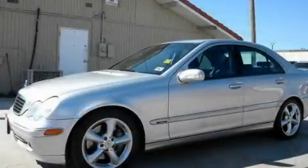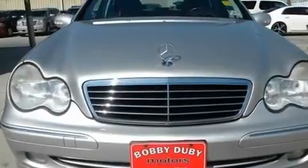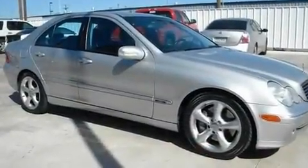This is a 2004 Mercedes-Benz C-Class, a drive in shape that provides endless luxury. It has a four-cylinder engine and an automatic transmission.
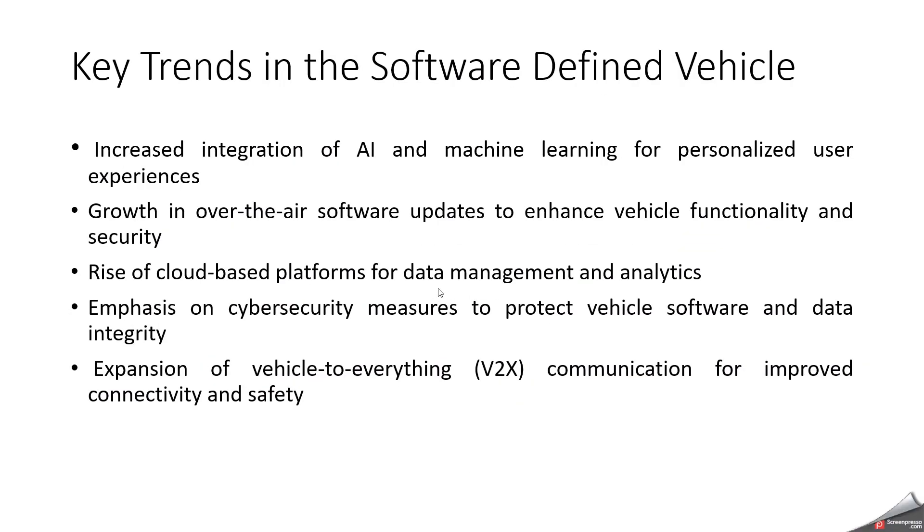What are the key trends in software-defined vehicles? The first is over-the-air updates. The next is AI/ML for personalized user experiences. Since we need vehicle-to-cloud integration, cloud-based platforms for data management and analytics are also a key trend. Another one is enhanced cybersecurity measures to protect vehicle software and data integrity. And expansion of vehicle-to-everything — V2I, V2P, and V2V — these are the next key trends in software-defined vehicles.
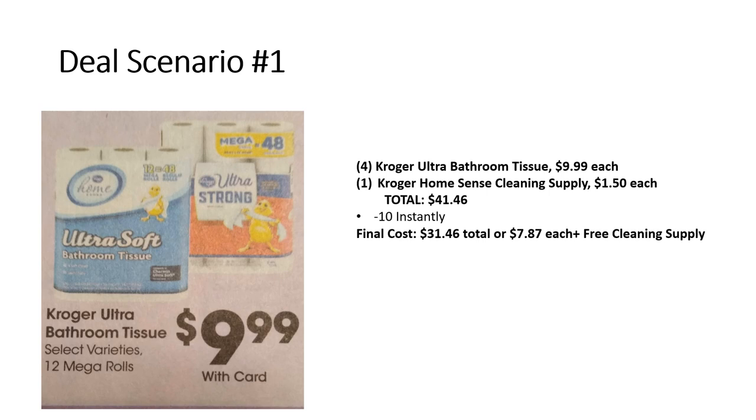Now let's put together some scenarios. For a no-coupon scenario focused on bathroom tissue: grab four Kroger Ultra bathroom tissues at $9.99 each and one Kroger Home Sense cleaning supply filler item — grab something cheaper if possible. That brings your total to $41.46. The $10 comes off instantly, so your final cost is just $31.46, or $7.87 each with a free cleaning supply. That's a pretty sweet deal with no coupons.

...

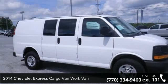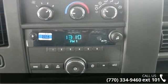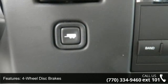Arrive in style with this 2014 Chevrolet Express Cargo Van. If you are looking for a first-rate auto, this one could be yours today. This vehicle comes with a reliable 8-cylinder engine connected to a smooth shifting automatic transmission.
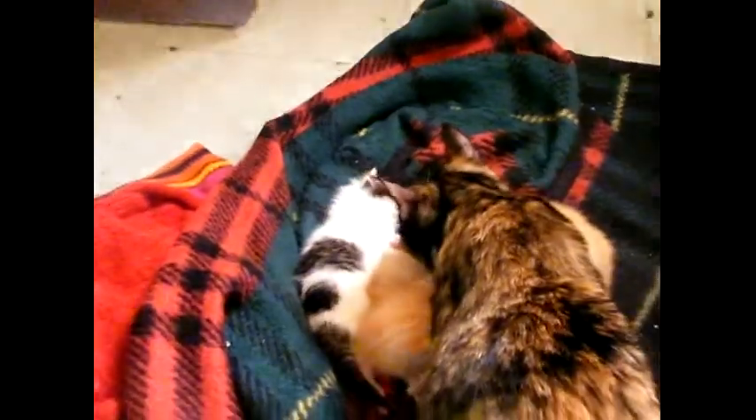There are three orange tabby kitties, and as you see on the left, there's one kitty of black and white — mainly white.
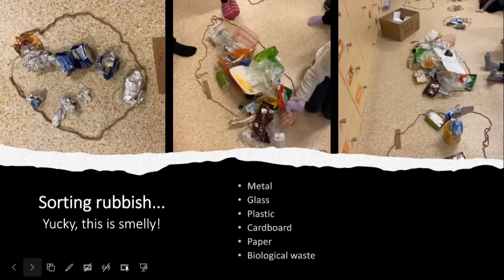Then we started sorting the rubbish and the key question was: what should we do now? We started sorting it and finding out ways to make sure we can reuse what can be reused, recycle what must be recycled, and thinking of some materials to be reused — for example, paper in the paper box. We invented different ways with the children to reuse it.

...

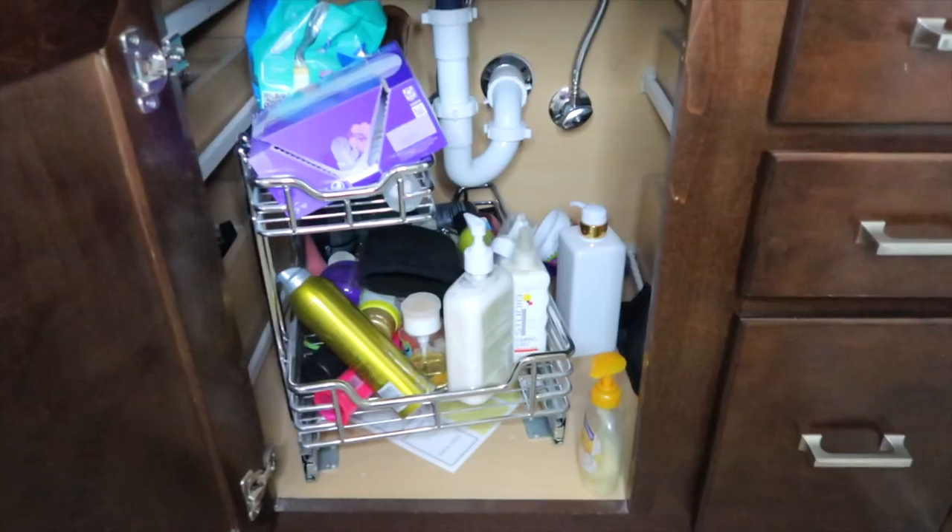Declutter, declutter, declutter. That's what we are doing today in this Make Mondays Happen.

Required action: After locating "What are the" and "Now let's put" in the records above, return exactly the line holding each one and every line between them; leave out the pictures.

Answer box:
What are the key trends in software-defined vehicles? The first is over-the-air updates. The next is AI/ML for personalized user experiences. Since we need vehicle-to-cloud integration, cloud-based platforms for data management and analytics are also a key trend. Another one is enhanced cybersecurity measures to protect vehicle software and data integrity. And expansion of vehicle-to-everything — V2I, V2P, and V2V — these are the next key trends in software-defined vehicles.
Now let's put together some scenarios. For a no-coupon scenario focused on bathroom tissue: grab four Kroger Ultra bathroom tissues at $9.99 each and one Kroger Home Sense cleaning supply filler item — grab something cheaper if possible. That brings your total to $41.46. The $10 comes off instantly, so your final cost is just $31.46, or $7.87 each with a free cleaning supply. That's a pretty sweet deal with no coupons.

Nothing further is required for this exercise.